Records for processing:
<<<<

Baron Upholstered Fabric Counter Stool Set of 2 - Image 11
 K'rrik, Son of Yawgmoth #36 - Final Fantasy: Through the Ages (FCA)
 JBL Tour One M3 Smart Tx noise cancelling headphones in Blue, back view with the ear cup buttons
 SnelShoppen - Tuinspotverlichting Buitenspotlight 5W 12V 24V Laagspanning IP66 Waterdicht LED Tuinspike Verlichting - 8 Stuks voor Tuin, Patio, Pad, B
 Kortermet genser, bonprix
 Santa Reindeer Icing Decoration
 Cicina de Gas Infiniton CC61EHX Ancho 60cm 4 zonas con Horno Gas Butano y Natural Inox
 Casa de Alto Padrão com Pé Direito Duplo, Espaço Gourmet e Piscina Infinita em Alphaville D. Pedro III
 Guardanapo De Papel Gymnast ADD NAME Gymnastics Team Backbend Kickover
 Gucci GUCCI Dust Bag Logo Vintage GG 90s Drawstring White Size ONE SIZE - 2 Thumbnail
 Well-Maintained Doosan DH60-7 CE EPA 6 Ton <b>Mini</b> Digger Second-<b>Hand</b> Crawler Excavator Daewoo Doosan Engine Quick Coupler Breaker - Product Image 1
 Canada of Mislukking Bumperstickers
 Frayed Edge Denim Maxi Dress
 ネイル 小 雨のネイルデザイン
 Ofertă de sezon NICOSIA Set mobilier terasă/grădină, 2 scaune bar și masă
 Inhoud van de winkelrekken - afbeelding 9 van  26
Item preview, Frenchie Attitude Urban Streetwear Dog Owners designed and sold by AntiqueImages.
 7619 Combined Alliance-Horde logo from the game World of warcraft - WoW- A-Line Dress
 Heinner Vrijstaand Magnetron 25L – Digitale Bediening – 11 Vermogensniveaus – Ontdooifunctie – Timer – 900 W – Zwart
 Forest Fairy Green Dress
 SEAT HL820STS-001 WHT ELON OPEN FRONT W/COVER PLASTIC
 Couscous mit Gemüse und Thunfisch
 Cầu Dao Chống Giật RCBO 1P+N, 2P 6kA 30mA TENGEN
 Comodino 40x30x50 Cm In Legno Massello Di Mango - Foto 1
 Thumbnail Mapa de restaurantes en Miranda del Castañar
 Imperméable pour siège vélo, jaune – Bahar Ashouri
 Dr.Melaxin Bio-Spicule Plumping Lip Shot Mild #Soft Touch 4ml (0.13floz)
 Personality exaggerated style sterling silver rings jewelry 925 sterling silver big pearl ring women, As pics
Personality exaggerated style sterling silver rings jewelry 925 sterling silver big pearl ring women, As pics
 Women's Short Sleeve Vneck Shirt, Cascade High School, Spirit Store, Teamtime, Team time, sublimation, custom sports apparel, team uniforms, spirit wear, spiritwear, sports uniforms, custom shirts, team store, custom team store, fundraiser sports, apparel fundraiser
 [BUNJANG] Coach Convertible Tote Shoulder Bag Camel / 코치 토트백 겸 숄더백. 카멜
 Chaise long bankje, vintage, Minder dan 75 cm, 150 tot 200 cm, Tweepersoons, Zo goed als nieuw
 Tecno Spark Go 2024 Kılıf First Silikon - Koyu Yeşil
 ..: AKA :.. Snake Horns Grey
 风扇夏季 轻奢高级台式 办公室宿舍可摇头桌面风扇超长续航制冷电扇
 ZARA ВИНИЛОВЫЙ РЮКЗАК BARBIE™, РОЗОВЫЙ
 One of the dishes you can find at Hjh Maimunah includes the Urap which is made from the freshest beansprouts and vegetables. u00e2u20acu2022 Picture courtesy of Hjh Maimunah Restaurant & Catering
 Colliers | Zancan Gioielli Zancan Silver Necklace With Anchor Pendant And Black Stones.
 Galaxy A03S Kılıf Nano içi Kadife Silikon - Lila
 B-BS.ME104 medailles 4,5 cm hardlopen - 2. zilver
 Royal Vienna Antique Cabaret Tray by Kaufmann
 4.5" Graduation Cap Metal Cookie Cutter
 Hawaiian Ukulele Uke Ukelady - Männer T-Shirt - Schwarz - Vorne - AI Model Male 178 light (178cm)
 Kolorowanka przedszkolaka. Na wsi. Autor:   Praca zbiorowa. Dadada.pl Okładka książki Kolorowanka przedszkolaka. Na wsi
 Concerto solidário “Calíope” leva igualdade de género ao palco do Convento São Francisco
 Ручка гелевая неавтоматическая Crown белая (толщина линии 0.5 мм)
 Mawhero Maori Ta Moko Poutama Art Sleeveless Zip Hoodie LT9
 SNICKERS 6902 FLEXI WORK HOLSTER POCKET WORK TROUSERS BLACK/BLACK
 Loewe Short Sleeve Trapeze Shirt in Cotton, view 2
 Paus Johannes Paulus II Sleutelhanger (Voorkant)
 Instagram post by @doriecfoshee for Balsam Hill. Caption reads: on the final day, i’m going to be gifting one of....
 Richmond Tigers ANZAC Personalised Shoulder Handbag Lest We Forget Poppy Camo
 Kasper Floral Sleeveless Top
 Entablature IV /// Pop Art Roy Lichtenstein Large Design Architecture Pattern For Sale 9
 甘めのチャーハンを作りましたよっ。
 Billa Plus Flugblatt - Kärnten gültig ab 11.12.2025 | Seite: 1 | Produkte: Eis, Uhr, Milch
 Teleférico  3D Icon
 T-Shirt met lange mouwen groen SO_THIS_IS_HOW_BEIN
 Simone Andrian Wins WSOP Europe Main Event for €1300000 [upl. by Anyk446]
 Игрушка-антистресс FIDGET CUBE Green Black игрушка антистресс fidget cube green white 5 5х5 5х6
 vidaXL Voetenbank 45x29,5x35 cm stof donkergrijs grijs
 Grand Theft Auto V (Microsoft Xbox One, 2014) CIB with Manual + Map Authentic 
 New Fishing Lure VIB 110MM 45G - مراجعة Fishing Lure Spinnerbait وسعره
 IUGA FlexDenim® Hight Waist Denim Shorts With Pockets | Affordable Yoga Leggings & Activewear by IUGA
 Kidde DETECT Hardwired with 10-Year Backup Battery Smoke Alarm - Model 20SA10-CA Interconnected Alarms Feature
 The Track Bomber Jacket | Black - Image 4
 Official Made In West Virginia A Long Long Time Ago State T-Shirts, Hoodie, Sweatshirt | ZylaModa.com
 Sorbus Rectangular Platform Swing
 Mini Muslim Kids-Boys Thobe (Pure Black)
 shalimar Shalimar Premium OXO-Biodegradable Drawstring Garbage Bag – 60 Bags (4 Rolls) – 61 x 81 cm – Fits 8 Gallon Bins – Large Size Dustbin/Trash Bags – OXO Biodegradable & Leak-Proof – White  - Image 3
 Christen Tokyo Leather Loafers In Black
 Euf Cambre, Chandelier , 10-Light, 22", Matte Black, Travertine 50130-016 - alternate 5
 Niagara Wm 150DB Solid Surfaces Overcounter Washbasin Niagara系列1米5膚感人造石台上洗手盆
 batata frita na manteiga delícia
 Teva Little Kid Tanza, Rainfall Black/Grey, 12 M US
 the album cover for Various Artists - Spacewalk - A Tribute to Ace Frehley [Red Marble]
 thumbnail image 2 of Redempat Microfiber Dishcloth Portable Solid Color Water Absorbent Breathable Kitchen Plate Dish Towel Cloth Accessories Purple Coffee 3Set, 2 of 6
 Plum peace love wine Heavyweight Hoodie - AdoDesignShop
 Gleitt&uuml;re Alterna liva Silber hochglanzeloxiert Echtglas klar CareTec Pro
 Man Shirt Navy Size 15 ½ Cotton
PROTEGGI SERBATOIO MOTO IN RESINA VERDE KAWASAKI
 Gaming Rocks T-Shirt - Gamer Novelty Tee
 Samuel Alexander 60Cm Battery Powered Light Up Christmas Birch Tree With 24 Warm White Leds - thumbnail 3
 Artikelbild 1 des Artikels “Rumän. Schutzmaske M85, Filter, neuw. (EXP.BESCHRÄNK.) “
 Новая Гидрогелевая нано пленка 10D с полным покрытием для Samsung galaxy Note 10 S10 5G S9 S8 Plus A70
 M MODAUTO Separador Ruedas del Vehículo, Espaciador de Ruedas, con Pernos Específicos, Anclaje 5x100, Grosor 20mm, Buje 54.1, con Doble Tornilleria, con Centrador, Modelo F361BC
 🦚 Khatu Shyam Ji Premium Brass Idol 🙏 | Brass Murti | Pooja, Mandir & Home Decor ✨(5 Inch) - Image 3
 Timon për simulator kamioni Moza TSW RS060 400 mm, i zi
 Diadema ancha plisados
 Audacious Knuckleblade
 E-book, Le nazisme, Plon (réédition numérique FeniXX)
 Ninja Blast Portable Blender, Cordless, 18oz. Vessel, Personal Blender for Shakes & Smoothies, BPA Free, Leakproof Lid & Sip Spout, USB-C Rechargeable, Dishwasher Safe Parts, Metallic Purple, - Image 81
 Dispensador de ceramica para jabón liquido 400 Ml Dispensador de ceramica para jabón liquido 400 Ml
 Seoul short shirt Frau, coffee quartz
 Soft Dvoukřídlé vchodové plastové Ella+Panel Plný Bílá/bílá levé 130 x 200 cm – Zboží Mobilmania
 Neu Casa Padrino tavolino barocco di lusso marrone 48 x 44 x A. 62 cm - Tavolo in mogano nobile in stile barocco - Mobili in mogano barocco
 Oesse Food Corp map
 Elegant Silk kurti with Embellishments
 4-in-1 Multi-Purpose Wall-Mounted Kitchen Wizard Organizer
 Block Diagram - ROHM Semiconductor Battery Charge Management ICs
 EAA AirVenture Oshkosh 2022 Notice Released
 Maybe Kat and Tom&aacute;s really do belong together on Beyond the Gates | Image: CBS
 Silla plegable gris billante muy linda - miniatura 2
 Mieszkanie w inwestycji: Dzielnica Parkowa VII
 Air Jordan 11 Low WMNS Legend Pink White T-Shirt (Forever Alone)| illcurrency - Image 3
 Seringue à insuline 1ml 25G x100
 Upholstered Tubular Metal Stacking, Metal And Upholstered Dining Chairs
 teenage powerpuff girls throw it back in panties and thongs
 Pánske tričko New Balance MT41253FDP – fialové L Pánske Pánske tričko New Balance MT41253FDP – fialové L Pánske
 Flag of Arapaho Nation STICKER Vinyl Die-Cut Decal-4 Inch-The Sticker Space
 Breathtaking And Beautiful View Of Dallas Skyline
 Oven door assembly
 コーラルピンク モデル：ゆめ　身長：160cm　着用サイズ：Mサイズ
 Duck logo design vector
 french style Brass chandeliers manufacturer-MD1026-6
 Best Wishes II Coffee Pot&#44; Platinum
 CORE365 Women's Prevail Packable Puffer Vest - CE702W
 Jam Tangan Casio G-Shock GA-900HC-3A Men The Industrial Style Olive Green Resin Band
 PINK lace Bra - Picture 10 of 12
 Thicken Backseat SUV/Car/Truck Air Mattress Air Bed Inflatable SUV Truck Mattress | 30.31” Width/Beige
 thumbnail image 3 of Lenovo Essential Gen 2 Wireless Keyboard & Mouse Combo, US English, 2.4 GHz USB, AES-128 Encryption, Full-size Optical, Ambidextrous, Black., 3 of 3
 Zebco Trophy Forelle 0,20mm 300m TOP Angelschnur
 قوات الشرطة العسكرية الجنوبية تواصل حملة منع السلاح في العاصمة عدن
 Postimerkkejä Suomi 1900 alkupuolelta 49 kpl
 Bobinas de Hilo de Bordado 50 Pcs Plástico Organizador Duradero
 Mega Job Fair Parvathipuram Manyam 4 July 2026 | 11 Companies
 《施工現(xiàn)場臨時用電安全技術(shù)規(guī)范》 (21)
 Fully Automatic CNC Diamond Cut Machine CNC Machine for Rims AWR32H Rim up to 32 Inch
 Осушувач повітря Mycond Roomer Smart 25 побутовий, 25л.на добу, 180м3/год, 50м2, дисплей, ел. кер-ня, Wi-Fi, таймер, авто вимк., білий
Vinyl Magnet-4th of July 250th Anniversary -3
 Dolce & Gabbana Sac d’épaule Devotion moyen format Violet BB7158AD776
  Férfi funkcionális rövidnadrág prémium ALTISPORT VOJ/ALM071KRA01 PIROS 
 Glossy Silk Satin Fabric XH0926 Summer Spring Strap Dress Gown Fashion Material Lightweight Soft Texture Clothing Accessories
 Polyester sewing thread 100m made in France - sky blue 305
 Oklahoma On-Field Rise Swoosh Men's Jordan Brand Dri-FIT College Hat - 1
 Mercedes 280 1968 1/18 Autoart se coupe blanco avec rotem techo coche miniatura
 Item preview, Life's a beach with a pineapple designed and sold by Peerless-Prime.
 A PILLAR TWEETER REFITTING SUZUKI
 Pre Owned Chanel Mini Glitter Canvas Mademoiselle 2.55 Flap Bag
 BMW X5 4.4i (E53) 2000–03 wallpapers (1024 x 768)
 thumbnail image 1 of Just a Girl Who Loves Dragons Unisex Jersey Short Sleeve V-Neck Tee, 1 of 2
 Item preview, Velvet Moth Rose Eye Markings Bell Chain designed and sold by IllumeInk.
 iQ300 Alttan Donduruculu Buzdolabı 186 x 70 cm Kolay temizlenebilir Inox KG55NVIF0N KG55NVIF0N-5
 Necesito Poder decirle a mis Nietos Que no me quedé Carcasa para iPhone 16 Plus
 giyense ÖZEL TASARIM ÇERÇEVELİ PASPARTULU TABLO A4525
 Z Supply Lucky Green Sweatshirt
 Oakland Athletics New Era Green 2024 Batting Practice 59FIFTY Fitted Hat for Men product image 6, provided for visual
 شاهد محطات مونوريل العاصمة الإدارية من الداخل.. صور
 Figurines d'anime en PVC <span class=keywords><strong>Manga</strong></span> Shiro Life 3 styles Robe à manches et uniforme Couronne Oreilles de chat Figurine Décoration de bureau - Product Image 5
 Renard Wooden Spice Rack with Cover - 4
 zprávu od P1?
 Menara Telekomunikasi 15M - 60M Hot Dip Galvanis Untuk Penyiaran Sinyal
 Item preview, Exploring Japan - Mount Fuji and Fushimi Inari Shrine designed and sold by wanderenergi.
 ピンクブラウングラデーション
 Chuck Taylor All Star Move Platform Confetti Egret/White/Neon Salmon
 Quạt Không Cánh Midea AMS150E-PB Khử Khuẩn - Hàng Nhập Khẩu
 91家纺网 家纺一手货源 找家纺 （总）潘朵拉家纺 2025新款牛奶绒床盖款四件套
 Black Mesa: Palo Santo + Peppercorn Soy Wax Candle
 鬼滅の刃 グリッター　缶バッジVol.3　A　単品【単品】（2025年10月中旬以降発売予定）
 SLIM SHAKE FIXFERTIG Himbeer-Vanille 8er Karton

>>>>

Your goal: What lines in the data above contain the word "Jordan"? Show them all.

Task solution:
 Air Jordan 11 Low WMNS Legend Pink White T-Shirt (Forever Alone)| illcurrency - Image 3
 Oklahoma On-Field Rise Swoosh Men's Jordan Brand Dri-FIT College Hat - 1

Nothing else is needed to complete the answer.